Infective endocarditis (IE), brought on by introduction of pathogens into the bloodstream, is a serious, potentially lethal condition affecting approximately 12.7 out of 100,000 individuals annually (Bor et al., 2013). Complications of IE include stroke, organ damage, secondary infections, heart failure, and almost certain death if infected valves are not replaced and/or aggressively treated with antibiotics. A significant risk factor for IE is intravenous drug abuse. Some individuals respond well to aggressive antibiotic therapy; however, others require early or even emergent surgery (Nishimura et al., 2014). Recurrent IE is common in intravenous drug abusers (IVDAs). This paper addresses the ethical dilemma associated with repetitive valve replacements in patients who use injection drugs.
Should IVDAs be denied a second valve replacement – When is enough, enough?
DiMaio et al. (2009) published a hypothetical case of a young man in his early twenties, with two young children. The man started smoking marijuana as a teenager, and by the age of 20, he was using cocaine regularly, including intravenously. The latter led to endocarditis affecting his aortic valve, requiring open-heart surgery and valve replacement followed by a lengthy antibiotic regimen. He was warned that he would not be allowed a second valve replacement if the new valve became re-infected due to recurrent IV drug use. The patient followed up with cardiology regularly; however, eventually he started using again, his valve became re-infected and he required another valve replacement. While the patient in the aforementioned scenario was fictional, this situation is very common.

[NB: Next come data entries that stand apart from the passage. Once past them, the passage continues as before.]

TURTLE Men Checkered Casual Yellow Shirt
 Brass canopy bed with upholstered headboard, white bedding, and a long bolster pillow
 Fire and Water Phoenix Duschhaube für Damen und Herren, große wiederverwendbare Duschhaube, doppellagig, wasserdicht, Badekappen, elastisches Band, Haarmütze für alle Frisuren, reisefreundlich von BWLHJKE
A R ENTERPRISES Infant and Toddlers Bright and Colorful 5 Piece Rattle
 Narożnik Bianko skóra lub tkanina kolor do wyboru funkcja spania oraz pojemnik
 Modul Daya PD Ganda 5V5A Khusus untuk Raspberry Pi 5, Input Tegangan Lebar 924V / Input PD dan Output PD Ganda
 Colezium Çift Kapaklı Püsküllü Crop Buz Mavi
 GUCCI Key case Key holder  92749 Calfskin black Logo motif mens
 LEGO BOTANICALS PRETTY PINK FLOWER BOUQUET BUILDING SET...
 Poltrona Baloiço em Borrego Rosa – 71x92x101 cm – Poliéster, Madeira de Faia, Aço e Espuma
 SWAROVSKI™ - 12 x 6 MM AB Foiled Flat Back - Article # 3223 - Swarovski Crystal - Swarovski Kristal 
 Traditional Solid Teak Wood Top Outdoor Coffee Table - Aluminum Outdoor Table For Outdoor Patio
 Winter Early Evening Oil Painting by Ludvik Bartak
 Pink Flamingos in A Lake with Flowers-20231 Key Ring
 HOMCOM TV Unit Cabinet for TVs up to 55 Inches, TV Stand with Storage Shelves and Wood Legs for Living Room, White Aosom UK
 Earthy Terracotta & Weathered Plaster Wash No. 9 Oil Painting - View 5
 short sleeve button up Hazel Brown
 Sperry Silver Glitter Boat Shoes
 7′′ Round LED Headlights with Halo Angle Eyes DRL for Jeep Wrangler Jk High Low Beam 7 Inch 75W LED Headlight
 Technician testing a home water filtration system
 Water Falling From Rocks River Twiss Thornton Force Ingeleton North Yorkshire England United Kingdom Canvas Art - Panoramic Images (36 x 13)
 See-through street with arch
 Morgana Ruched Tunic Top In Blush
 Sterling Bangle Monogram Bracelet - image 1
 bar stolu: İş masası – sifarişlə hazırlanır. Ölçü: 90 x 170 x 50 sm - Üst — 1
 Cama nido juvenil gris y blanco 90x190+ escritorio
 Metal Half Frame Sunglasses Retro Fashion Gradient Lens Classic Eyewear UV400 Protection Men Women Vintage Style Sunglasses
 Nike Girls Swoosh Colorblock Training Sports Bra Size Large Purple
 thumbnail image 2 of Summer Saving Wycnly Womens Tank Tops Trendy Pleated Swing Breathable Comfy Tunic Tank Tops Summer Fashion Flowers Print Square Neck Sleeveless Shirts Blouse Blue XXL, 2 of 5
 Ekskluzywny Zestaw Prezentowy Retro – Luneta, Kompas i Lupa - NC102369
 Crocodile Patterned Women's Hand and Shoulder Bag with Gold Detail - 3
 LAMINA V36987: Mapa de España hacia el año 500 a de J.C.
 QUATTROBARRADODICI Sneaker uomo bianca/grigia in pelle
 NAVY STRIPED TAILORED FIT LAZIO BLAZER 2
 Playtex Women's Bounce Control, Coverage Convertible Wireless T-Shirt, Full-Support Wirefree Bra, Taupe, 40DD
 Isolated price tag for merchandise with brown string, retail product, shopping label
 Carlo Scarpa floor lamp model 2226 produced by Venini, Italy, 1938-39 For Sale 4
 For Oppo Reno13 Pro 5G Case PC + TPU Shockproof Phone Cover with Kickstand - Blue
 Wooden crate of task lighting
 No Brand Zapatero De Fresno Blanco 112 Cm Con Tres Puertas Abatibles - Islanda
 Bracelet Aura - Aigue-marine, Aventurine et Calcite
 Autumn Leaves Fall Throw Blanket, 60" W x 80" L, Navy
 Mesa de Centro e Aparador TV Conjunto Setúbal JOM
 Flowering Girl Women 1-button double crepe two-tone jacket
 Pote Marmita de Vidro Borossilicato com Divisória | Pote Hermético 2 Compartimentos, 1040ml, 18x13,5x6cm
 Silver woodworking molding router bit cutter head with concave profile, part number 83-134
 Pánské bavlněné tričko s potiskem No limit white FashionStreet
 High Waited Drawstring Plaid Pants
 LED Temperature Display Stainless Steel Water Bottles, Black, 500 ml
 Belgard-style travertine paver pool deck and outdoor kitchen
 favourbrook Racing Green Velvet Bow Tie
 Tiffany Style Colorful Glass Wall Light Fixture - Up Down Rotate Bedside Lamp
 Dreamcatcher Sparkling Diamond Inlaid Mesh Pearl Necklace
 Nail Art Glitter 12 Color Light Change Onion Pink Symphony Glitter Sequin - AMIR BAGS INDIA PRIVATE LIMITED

Current guidelines by the American College of Cardiology (ACC) for native and prosthetic valve endocarditis call for early surgery (Nishimura et al., 2014). The question, however, arises, whether relapsing IVDAs should be allowed a second valve. What about a third or even fourth valve replacement? Where is the line to be drawn?
DiMaio (2009) argues that noncompliance and relatively low survival rates make valve replacement surgery futile. Dr. DiMaio further states that redundant valve replacements for this patient population pose a burden on society, as resources are not unlimited. Human capital, medical supplies and labor result in high consumer costs and often times IVDAs lack health insurance and other means to pay for their surgery. A utilitarian perspective must be considered and healthcare resources should be allocated more wisely. Moreover, DiMaio (2009) argues that the entire healthcare team is at greater risk while taking care of a patient who may carry infections such as hepatitis C or HIV. Lastly, according to DiMaio (2009), surgeons have an obligation to consider circumstances, probabilities, and likely outcomes of a procedure. They do not, however, have an obligation to operate if they deem the procedure futile. DiMaio (2009) concludes that given the burden on society, the healthcare team, and a likely negative outcome like in the case of the above-described scenario, a surgeon should have the right to refuse operating.
Ethical Obligations in Todays’ Healthcare System
Salerno (2009) counter-argues that the issue at hand is more complex and drug addiction should be considered a disease. Salerno argues that the patient in this case did not receive the full benefit of a comprehensive treatment plan, which would include appropriate mental health services. The patient should have been considered a dual-diagnosis patient, and rehab options should have been presented. The patient’s problem is not his heart it is his drug addiction. Unless the addiction is addressed, Salerno (2009) argues, the heart cannot be repaired.